Wobei Trainer Baumgart keineswegs in Hochstimmung war, als er etwas später auf diese Partie zurückblickte. Dass seine Mannschaft sich durch eine gute „Moral“ und eine stabile „Mentalität“ auszeichne, sei ja bekannt; diese Wesenszüge, die viele andere Trainer am Ende dieses Fußballabenteuers hervorgehoben hätten, sind für den eigenwilligen Kölner Chefcoach mittlerweile eine Selbstverständlichkeit. Baumgart will nicht nur Hingabe, er will auch guten Fußball sehen, und den zeigte eine Stunde lang allenfalls Mainz.

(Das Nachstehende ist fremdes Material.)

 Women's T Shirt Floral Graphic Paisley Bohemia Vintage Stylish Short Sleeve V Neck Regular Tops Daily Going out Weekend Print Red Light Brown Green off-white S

Baumgart: „Sehr viele Fehler“

„Wir wissen schon, dass wir es besser machen müssen in den nächsten Wochen“, sagte Baumgart, nachdem sein Team eine Stunde lang „einfach sehr viele Fehler gemacht“ hatte. Die Kölner Ansprüche sind gestiegen, nachdem der Klub auch rechnerisch nicht mehr absteigen kann. Vielmehr hat der FC die realistische Chance, sich zum zweiten Mal in diesem Jahrtausend für einen Europapokal zu qualifizieren, und Spiele wie dieses werden am Ende von Erfolgsjahren oftmals als Schlüsselmomente erkannt.